ECLI:NL:CRVB:2015:3737
Centrale Raad van Beroep
- Hoger beroep
- Rechtspraak.nl
Intrekking en terugvordering van een WW-uitkering na ziekmelding en beëindiging van een tijdelijke arbeidsovereenkomst
In deze zaak gaat het om de intrekking en terugvordering van een WW-uitkering door het Uitvoeringsinstituut werknemersverzekeringen (Uwv) na een ziekmelding van de appellant. Appellant had een tijdelijke arbeidsovereenkomst van 15 september 2011 tot en met 14 september 2012 en meldde zich ziek op 12 maart 2012. Na zijn ziekmelding heeft de werkgever een ziekteaangifte gedaan bij het Uwv.

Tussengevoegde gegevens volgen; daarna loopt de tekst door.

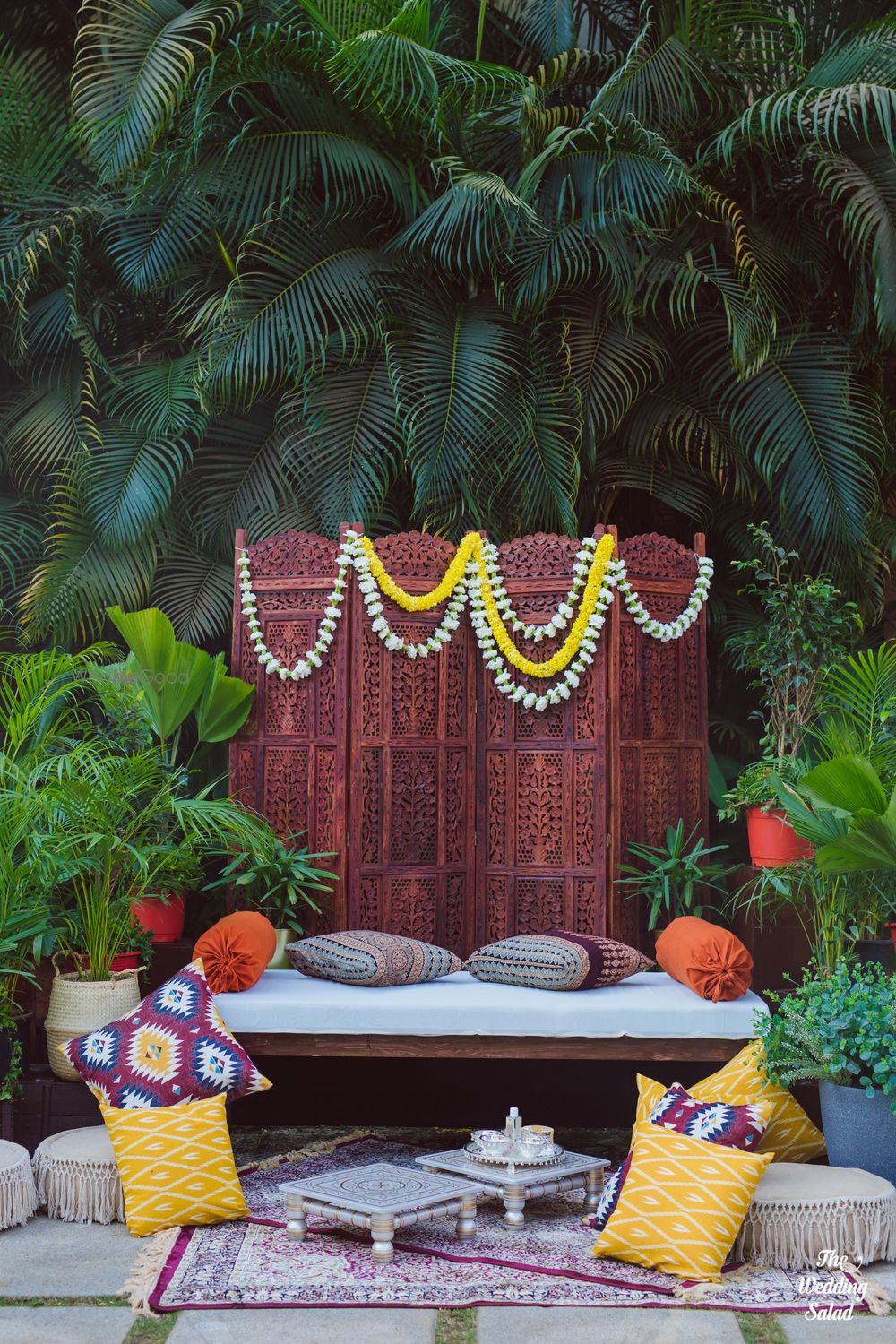 Photo of Haldi seating decor with white & yellow marigold flowers.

Appellant heeft op 17 september 2012 een aanvraag ingediend voor een WW-uitkering, die hem met terugwerkende kracht werd verleend. Echter, op 10 januari 2013 heeft het Uwv de WW-uitkering over de periode van 17 september 2012 tot en met 16 december 2012 ingetrokken en het onterecht betaalde bedrag van € 3.294,10 teruggevorderd. Het bezwaar van appellant tegen deze beslissing werd ongegrond verklaard door de rechtbank.

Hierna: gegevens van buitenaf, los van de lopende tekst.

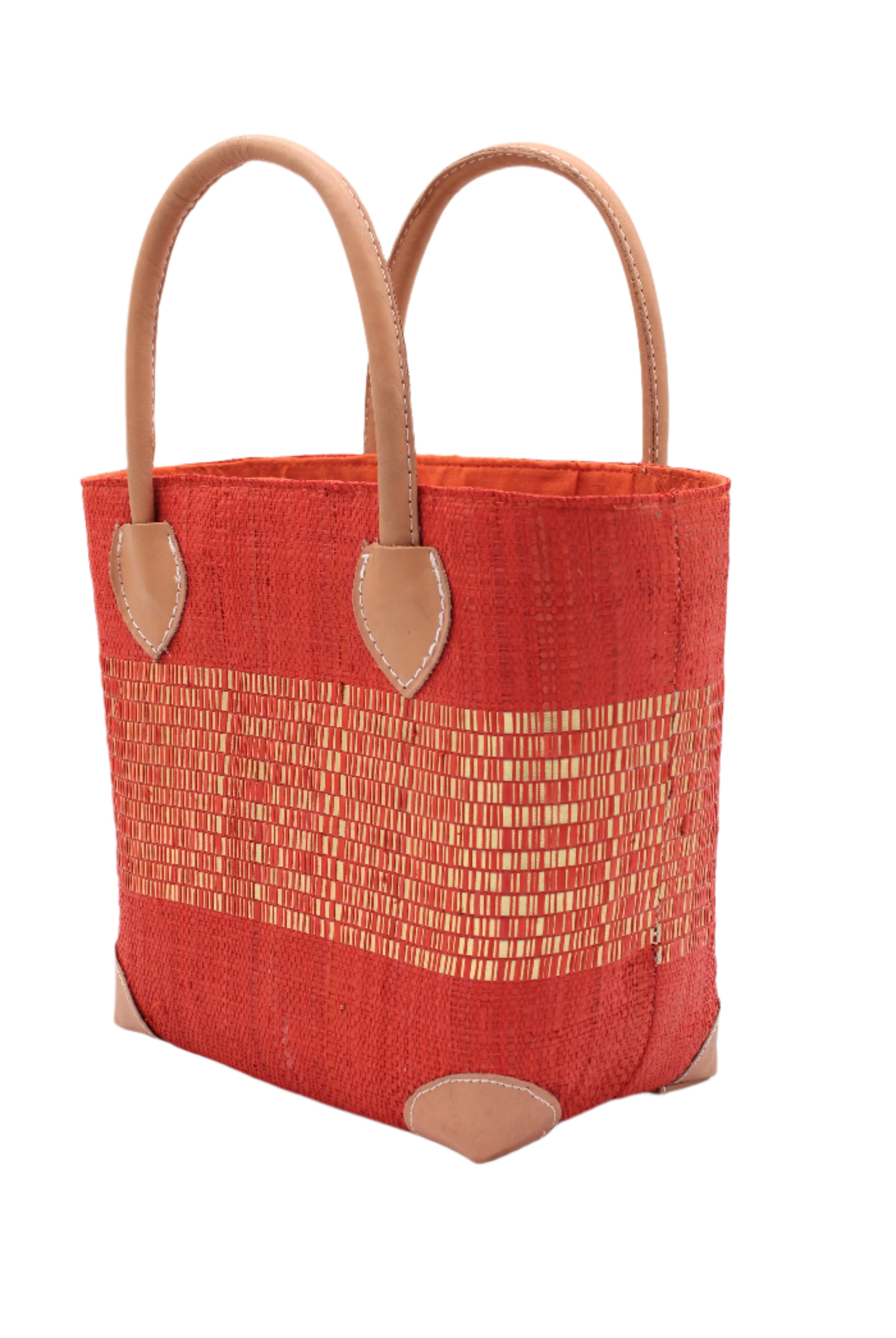 Side View Wynwood Coral Straw Basket Bag with Metallic Detailing Handmade loomed raffia palm fiber in a solid hue of coral orange/red with a wide horizontal band of metallic strands woven in seamlessly handbag purse with leather handles - Shebobo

In hoger beroep heeft appellant aangevoerd dat hij ten onrechte niet is gehoord en dat hij geen inzage heeft gehad in de stukken. Hij heeft ook psychische problemen genoemd en verzocht om een beoordeling van nieuwe besluiten van het Uwv. De Centrale Raad van Beroep heeft de uitspraak van de rechtbank bevestigd, waarbij werd overwogen dat appellant niet in staat was om te onderkennen dat hij zowel een WW- als een ZW-uitkering ontving. De Raad oordeelde dat het Uwv wettelijk verplicht was om de onverschuldigd betaalde uitkering terug te vorderen, ondanks de fouten van het Uwv. De Raad concludeerde dat het hoger beroep niet slaagde en dat de aangevallen uitspraak in stand bleef.